The Possessed (otherwise known as The Devils) the third book that I have read by Dostoevsky. The mandatory Crime and Punishment and The Brothers Karamazov were the first two. As usual, I seem to have read the translation which is controversial, largely for being dated. My book is the 1930 Modern Library edition, translated by Constance Garnett. This was the first translation, and the translation is also the reason for the variance in titles with the book. Apparently scholars find The Devils or Demons to be closer to the author's original edition.

Issues with the translation aside, it is a timely read. I actually enjoyed it the most of the three Dostoevsky novels. Although far from intended as primarily humorous, I found it often very funny. If you think of it as a kind of political comedy of manners, then you won't be very far from the truth. (I'm sure that comparison is horrifying somebody, somewhere. Apologies.)

The political sensibilities of the different characters swirl in a palette of nearly slapstick ineffectiveness except in the ability of all to foster discussion. It's as though the writer's stint in Siberia left him with a general distaste for religion of every stripe. The uncomfortable sternness of Nikolai Vsevolodovich Stavrogin dominates the novel as the only possible choice of morality. And it doesn't seem to be the most pleasant choice, if I look at the various critical text about the book that uses words like "sociopath" to describe him. I actually felt enormous sympathy with Stavrogin. With the exception of Shatov, he seemed to me the only character in the novel whose treatment by Dostoevsky wasn't ruthlessly satirical. Positioned as he is between his sympathies, his upbringing and his influences the distorted actions seem much more understandable. Sometimes perhaps a bitten ear is the only reasonable explanation. I'm not sure what that says about my mood or personality that I found Stavrogin understandable, but there you go.

The Wikipedia-fueled Internets tell me that The Possessed was originally two novels-- the story of a real political murder combined with a religious book with Stavrogin as the main character.
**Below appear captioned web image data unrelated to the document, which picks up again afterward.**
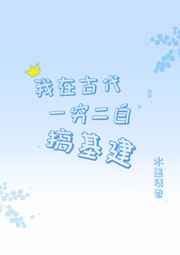 蠢货电影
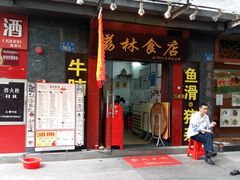门面-荔林食店(西华路店)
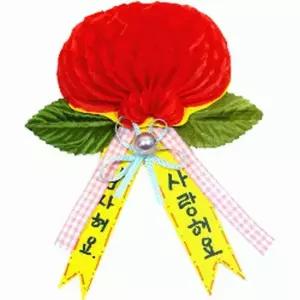 감사 카네이션 어버이날카네이션 카네이션선물 카네이션만들기
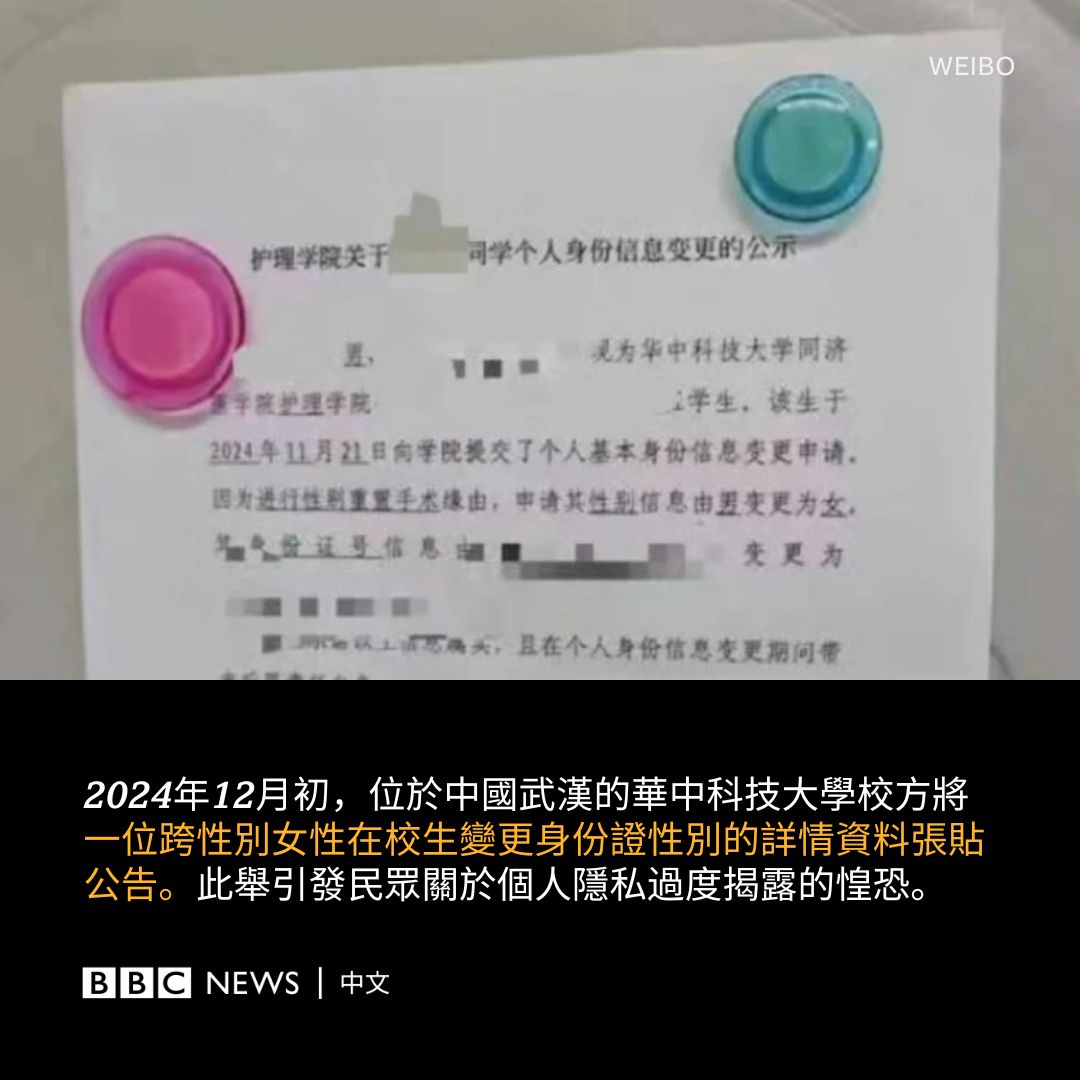 BBC News 中文 tweet media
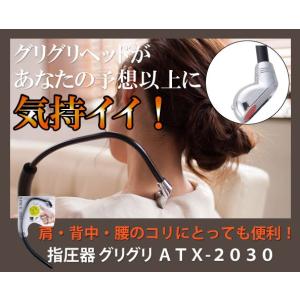 指圧器 グリグリ ATX-2030【5,000円(税抜)以上で送料無料】【レビュー記入でオマケ付】mpwp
Given the source and the lack of citations, I am not actually sure if it is true. However, I have to say that if it is true than it was a stroke of genius on the part of the author. Stavrogin's struggles with conventional morality would have risked being self-indulgent and dull without the backdrop of the inane political wrangling. On the other hand, without him, the book would have been a dated satire on contemporary Russian politics-- of interest to scholars and academics. Married, the two aspects feed each other. It seems to me to function very well as a novel.

There is undoubtedly much to say about many of the characters. It is a mistake to see only Stavrogin, or even Stavrogin and Shatov. I'm still in the process of chewing through what I feel/think about characters like Kirilov and Maria Timofeevna Lebyadkin. I may need to re-read to say anything smart about the rest.

As I said, I like this the best of the Dostoevsky that I have read. I found Crime and Punishment terribly lugubrious and too much drama. I must say that I read The Brothers Karamazov when I was far too young to really appreciate the book and it lost me fairly effectively. I am thinking that it might be a good idea to circle around and reread it sometime soon. I kept having distant echoes of that work as I read this one. I have the feeling that I might understand it better now.